Ill-fated: destined to fail or have bad luck.
“The stars have aligned to make my life grim and loathsome…” fourteen year old Leila Edgewick stands on the brink of disaster, balancing the fate of Bainland and her father’s legacy against a vague, ill-fated prophecy. A meaningless number, a luckless red moon, and worst of all– a star that falls south– send Leila on a quest she does not expect to survive.
Simultaneously, an unknown boy wakes up in the sunken hull of a decrepit cargo ship. Captured and mind-locked, the boy– dubbed “Sam” by the ship’s crew– must escape the infamous Bonesplitter and the dark schemes of one Captain Erastacus Oren.
All the while, Leila journeys out of Bainland. Crossing the wall for the first time in her life, she finds a world where magic meets machine. Aeroskiffs, daguerreotypes, and automatons merge with the ‘earthdolven’ magic of the South, leaving her to question what is sorcery and what is science?
When Leila and Sam’s paths cross, fate ties them together, sending them deep into the Ramble in search of the Wasteland Witches. Plagued by Sam’s erratic memory and Leila’s dubious rational, they must outwit the Southland drudge hunters, and take on the dangers of the Ramble: sandwolves, bloodswamps, and the Kartivause – terrifying night creatures from the Shadowland.
Their friendship develops quickly, but as Leila’s quest unravels, Sam’s past is pieced together– and when Sam’s identity is finally revealed, Leila must face up to a bloody family history that could rip their friendship apart…
So what inspired this book?
Oh so many things… Imaginative worlds like Middle Earth, Narnia, Hogworts, and Ringworld, movies such as The Princess Bride, Stardust, andThe Hogfather. My new loves as well, which include D.M. Cornish’s world within The Foundling’s Tale series, A Game of Thrones, and all things steampunk.
I love writers who invent words that sound like what they are, or bring back lost, archaic words with a twist. While writing Ill-fated, I kept a journal of words I just liked the sound of, and then paired them up with other words to create names for things like types of trees, flowers, potions, or places. I few of my favorite invented words and names were: Idlerile, moonbloom, wolfwood, the Wasteland Witches, the Iron Spine,and The Bonesplitter. I also dug up old archaic words like earth-dolven (from the earth), slubberdegullion (a slob or drunkard), sooterkins (sweetheart), and ugsome (it is just as it sounds - super gross!).

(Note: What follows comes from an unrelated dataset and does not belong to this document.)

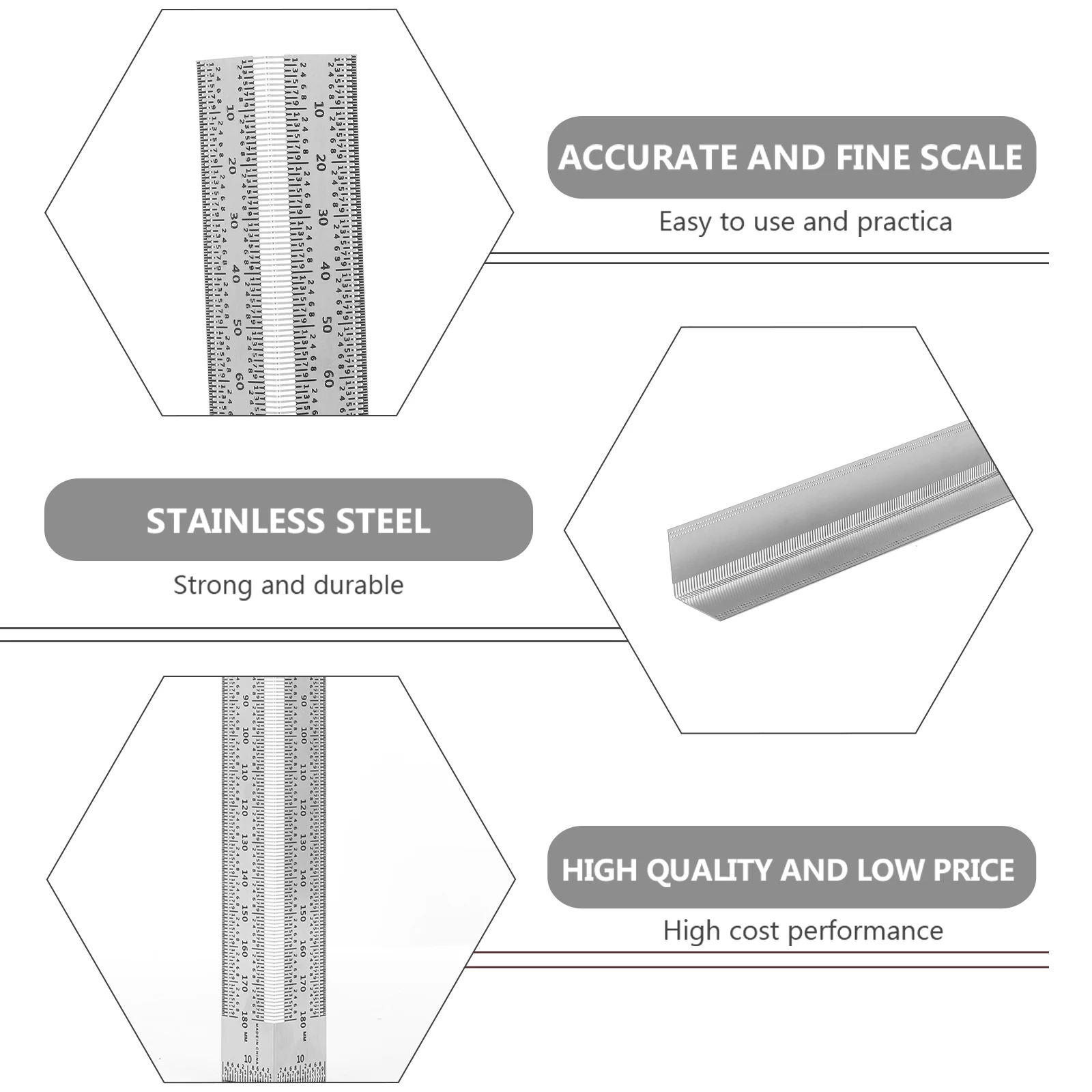 

Stainless Steel Carpentry Marking Ruler Inches Woodworking Positioning Tool Multifunctional Metal Ruler Home Furnishing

Finding a way to introduce the words without slowing down the plot with a definition was difficult, but I did my best to put them into a context where their definition could easily be deduced without an explanation. This has already been proven to be true for some readers and… not so true for others.
So what am I doing now?
Currently I am working on getting my fantasy, middle reader trilogy, Sticks, Stones, and Dragon Bones, ready for print (just editing and finishing up illustrations at this point). Also, I am writing the companion novel to Ill-fated, but I have no title as of yet.